Start with the ball in your right hand and your left foot well ahead of your right foot. Dribble the ball from your right hand, between your legs to your left hand. As the ball is reaching your left hand, switch your feet so that your right foot is in front and dribble the ball back to your right hand. You need to switch your feet back and forth with every dribble. Do this for a minute at a time, or see how long you can go without getting crossed up.
This was one of my favorites because some of the guards on my team (who were much better ball handlers than me) couldn’t seem to do it. Start in a low crouch (athletic stance) and dribble the ball straight down between your legs with your right hand. Follow that with your left hand. The next dribble should be your right hand reaching around behind your right leg, followed by your left hand behind your left leg. Keep the ball in one spot as much as possible. This drill helps you develop quickness and control. Do it for at least a minute, I liked to try to keep it going as long as I could.
The double crossover is done with the goal of throwing defenders off balance and was made popular by Allen Iverson. You need to start with the basketball in your right hand, then bounce the ball under your left leg. You need to catch the ball with your left hand. Then repeat the move with your left hand. Repeat for 20-30 seconds.
Tips to Help You Keep Improving
To keep improving, you need to keep challenging yourself. For example, you can work on strengthening your grip and improving your control by doing drills with just one finger at a time. If you do this, you will be surprised how much stronger your fingers get and how much better you will be able dribble even if the ball doesn’t hit your hand perfectly.
One great way to challenge yourself is to increase the difficulty of the drills you already know well. For example, try doing them with your eyes closed (or with a blindfold). Even if you haven’t been looking at the ball, this will help you be better able to dribble by feel alone. If you can control the ball with your eyes closed, just imagine what you will be able to do when you can see where you are going!

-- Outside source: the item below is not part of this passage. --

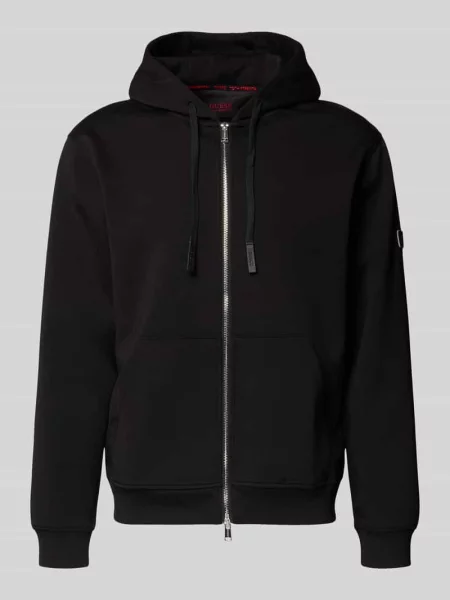 Bluza rozpinana zapinana na błyskawiczny Guess czarna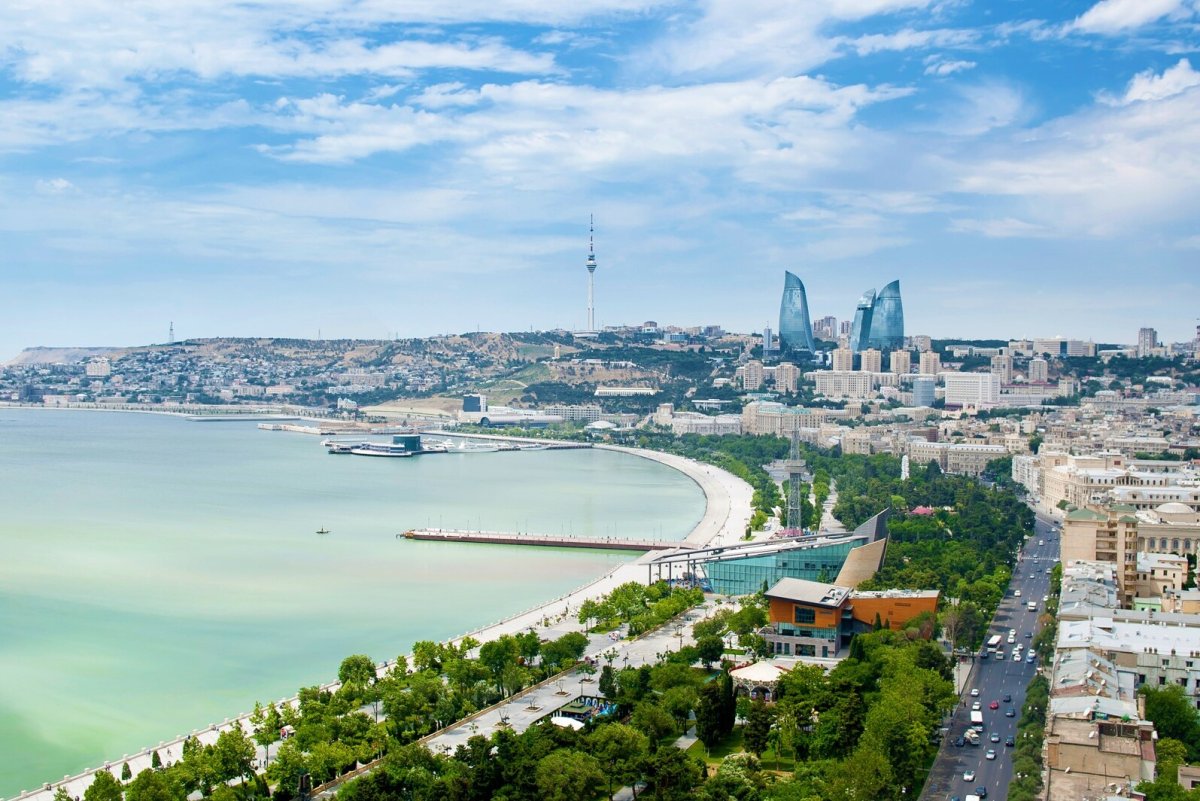 Баку панорама города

Another great tool that I used to use is wearing gloves while doing drills. You can buy dribbling gloves designed to help you improve your dribbling, but I used to just use a pair of thick puffy winter gloves. This makes it harder to feel, grip, and control the ball which challenges you to work harder. When I started using gloves is when I saw the biggest improvement in my confidence while handling the ball.
Finally, keep yourself engaged by learning new basketball dribble drills on a regular basis. Ask your coach if he knows any drills for you to try, or get on YouTube (check out the great workout video below) and look at some of the stuff there. Better yet, don’t confine yourself to other people’s drills, get creative and come up with some of your own.
Whatever you do, make sure you keep trying things outside your comfort zone. Don’t worry about losing the ball; just keep working until you figure it out. If you never try any drills or moves you don’t already know, you won’t improve much beyond where you are. If you work just a little bit each day, you’ll have impressive dribbling skills before you know it.